Top of Records for this task

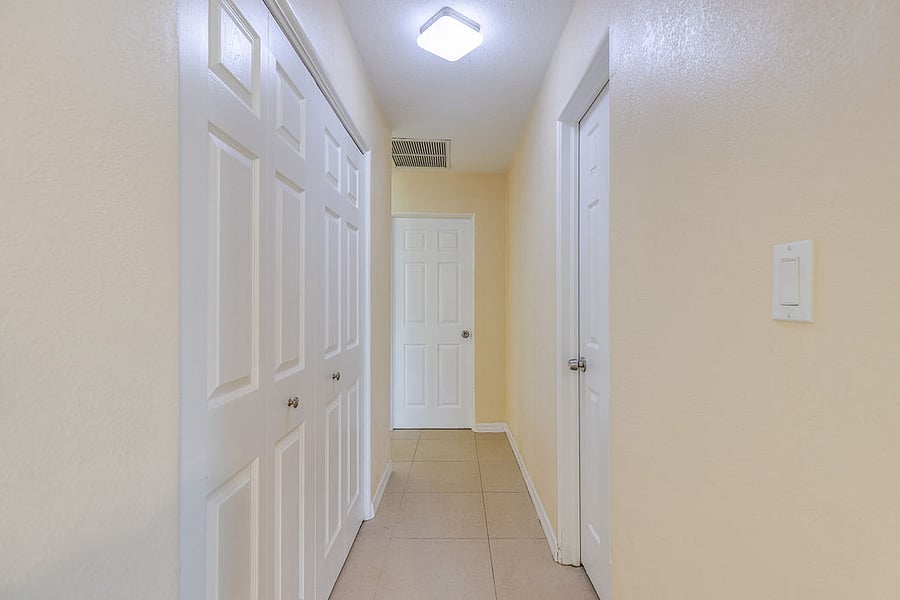 Furnished Finder property 572921_1 photo 21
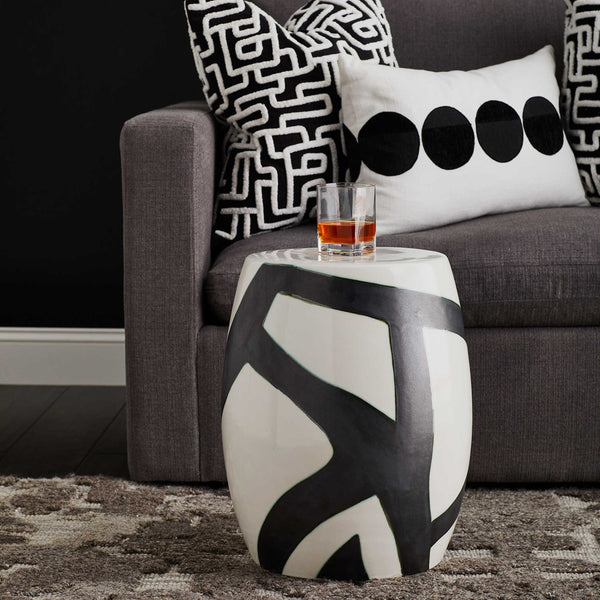 Figure Accent Table
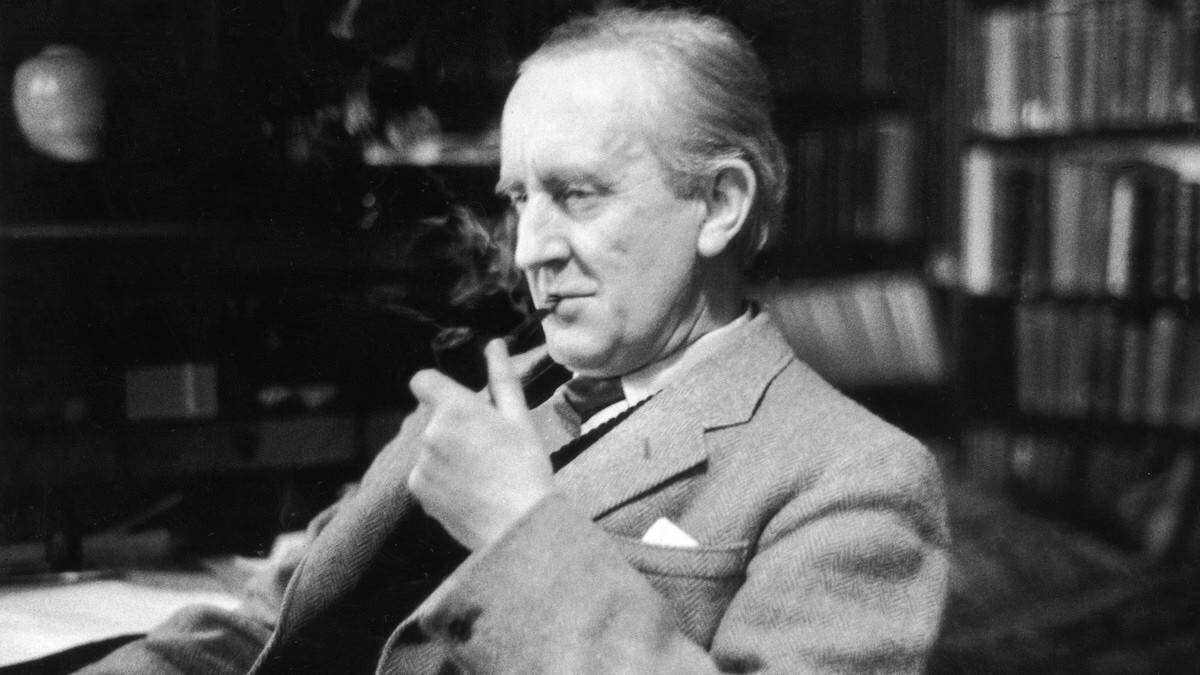 JRR Tolkien nació en 1892 en lo que hoy es Suráfrica y murió en 1973 en Inglaterra. Su gran obra, 'El Señor de los Anillos', publicada en tres volúmenes entre 1954 y 1955, es ya un clásico de la literatura universal.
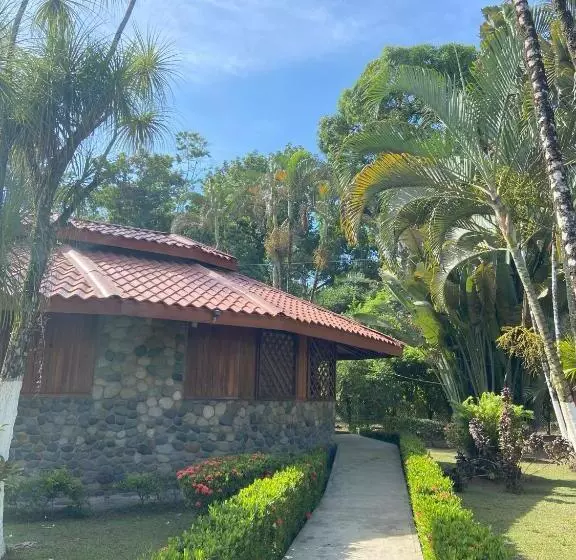 ホテル Bungalows Malú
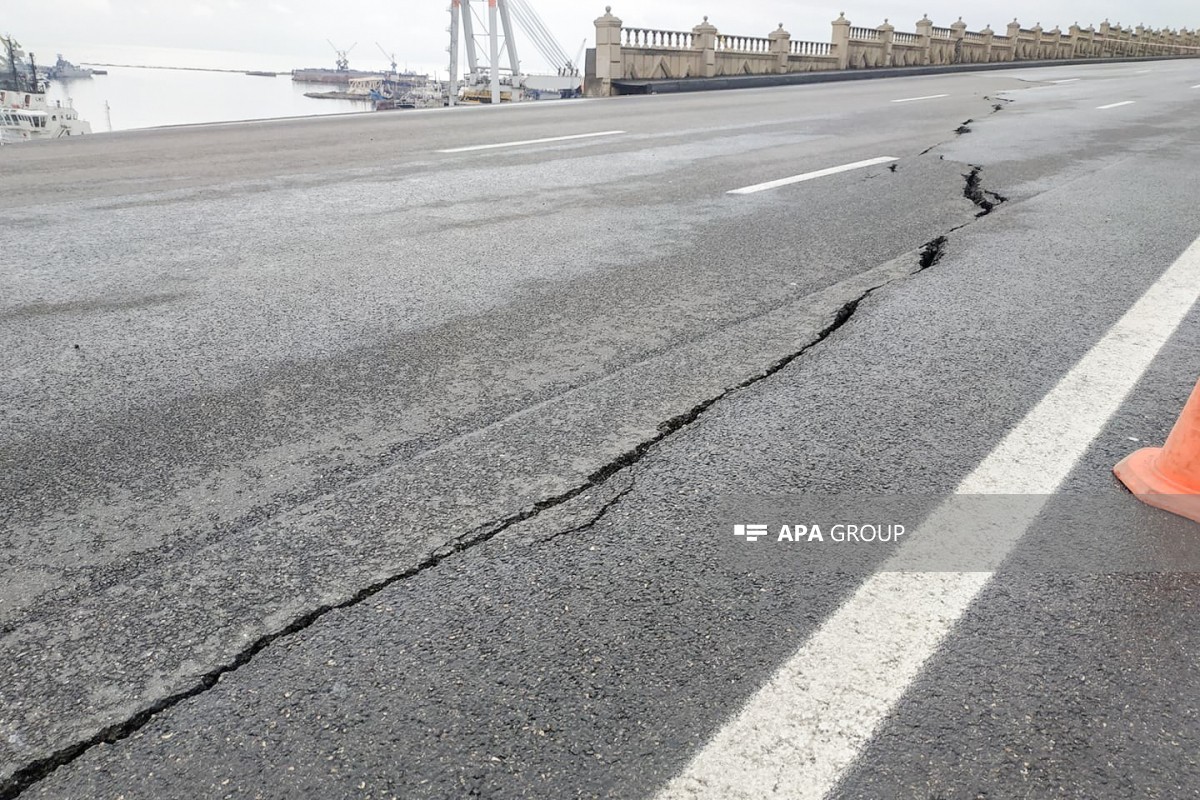 Bibiheybət yolunda torpaq sürüşməsi təhlükəsi yaranıb –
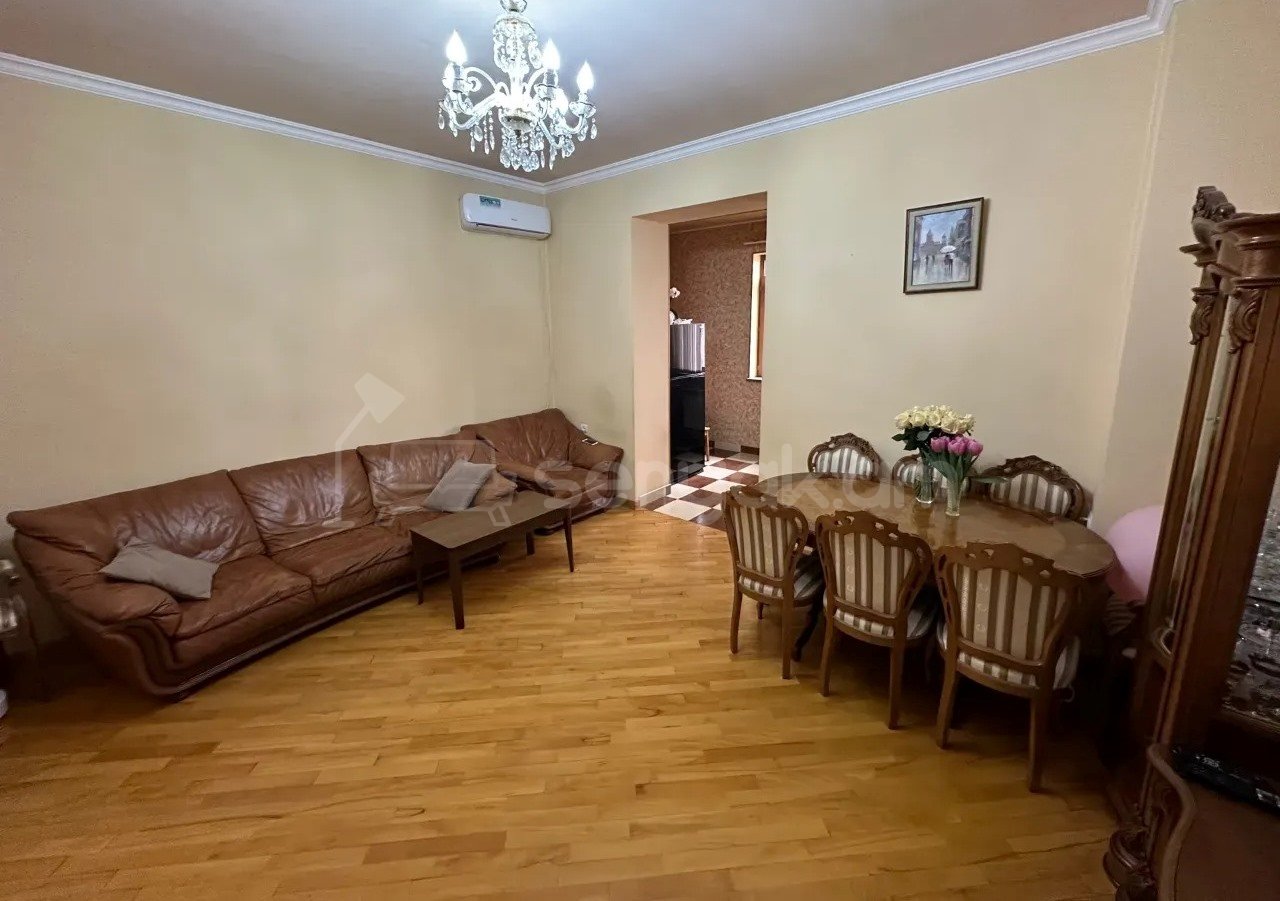 3 Սենյականոց Բնակարան Քարե Շենքում, 85քմ, 2/3 հարկ, Կապիտալ Վերանորոգված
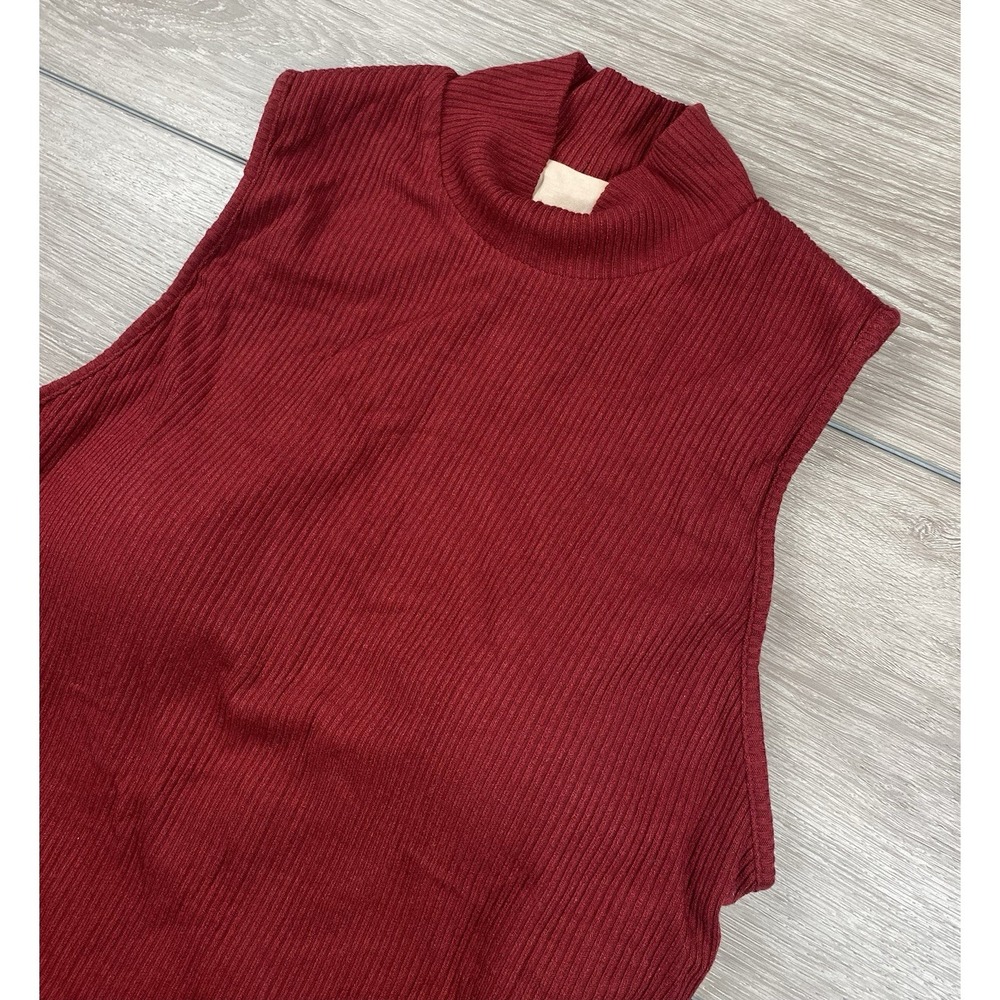 OGL Women's Sleeveless Mock Neck Ribbed Top Built In Bra Red Size XL New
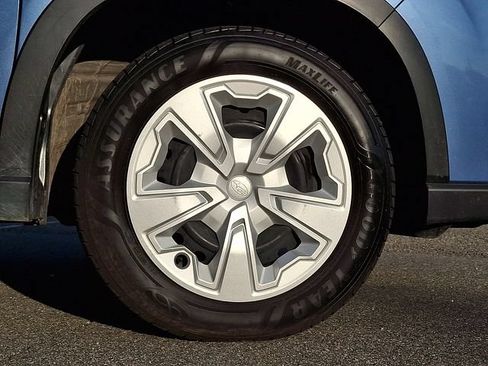 Used 2023 Subaru Forester AWD/4WD image 8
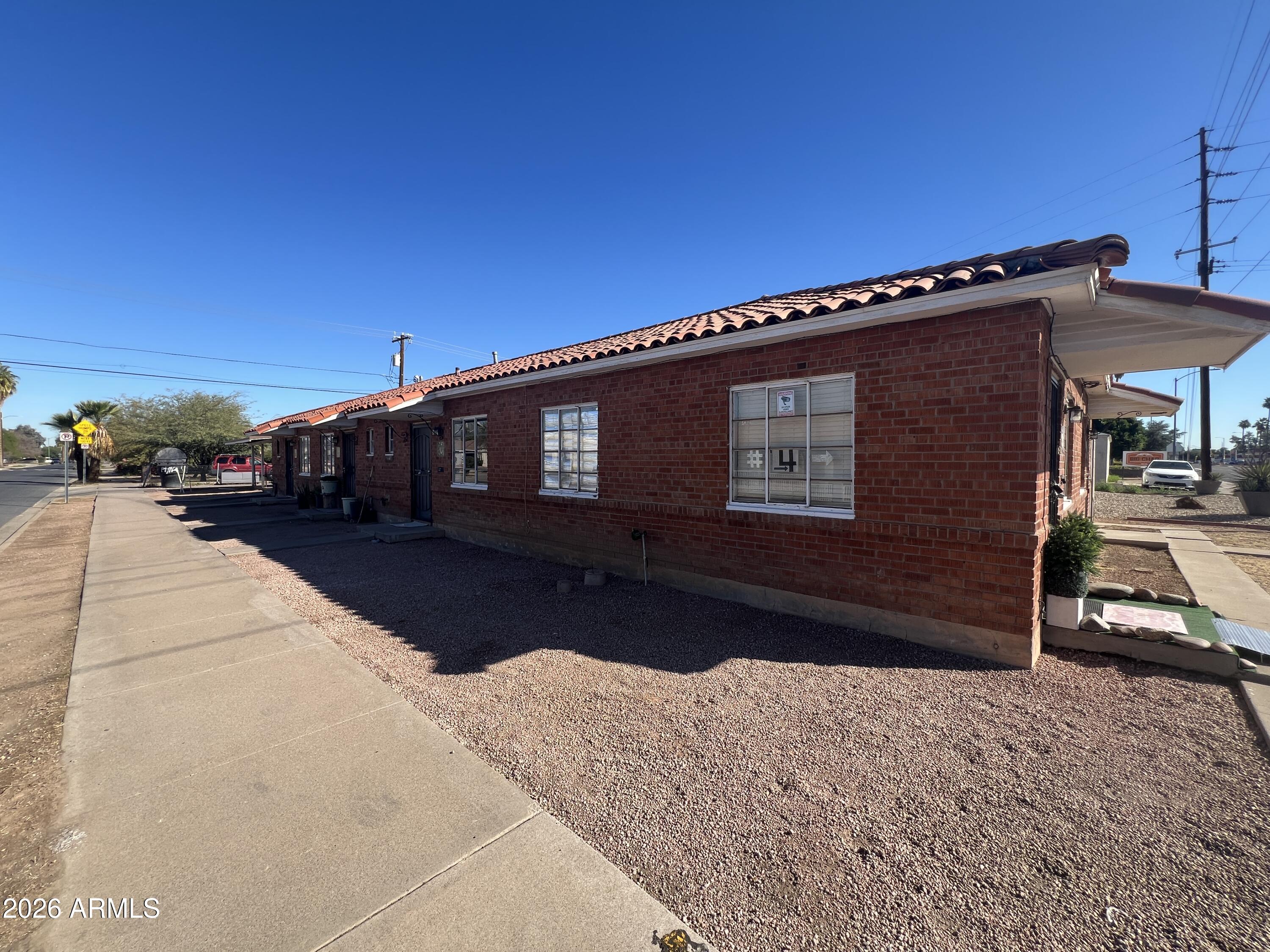 1626 W MCDOWELL Road 1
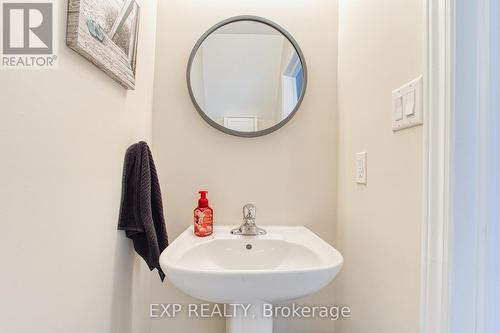 31 Mayland Trail, Hamilton, ON - Indoor Photo Showing Bathroom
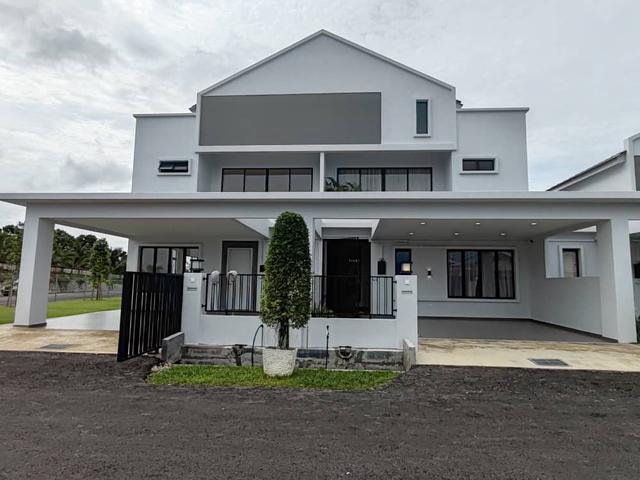 Terraced House for sale in Malaka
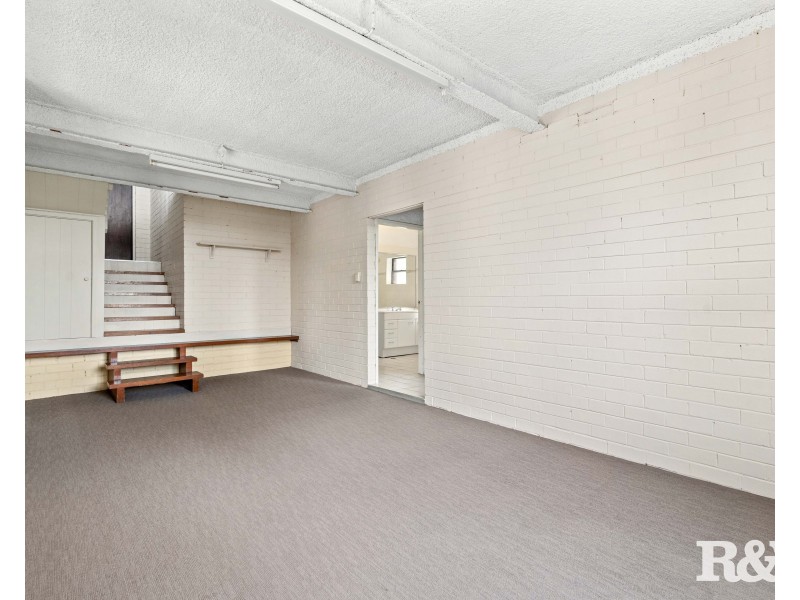 27 Penang Street, Point Clare NSW 2250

Bottom of Records for this task

The data above must be written out again without alteration, and the pictures in them must be excluded.

 Furnished Finder property 572921_1 photo 21
 Figure Accent Table
 JRR Tolkien nació en 1892 en lo que hoy es Suráfrica y murió en 1973 en Inglaterra. Su gran obra, 'El Señor de los Anillos', publicada en tres volúmenes entre 1954 y 1955, es ya un clásico de la literatura universal.
 ホテル Bungalows Malú
 Bibiheybət yolunda torpaq sürüşməsi təhlükəsi yaranıb –
 3 Սենյականոց Բնակարան Քարե Շենքում, 85քմ, 2/3 հարկ, Կապիտալ Վերանորոգված
 OGL Women's Sleeveless Mock Neck Ribbed Top Built In Bra Red Size XL New
 Used 2023 Subaru Forester AWD/4WD image 8
 1626 W MCDOWELL Road 1
 31 Mayland Trail, Hamilton, ON - Indoor Photo Showing Bathroom
 Terraced House for sale in Malaka
 27 Penang Street, Point Clare NSW 2250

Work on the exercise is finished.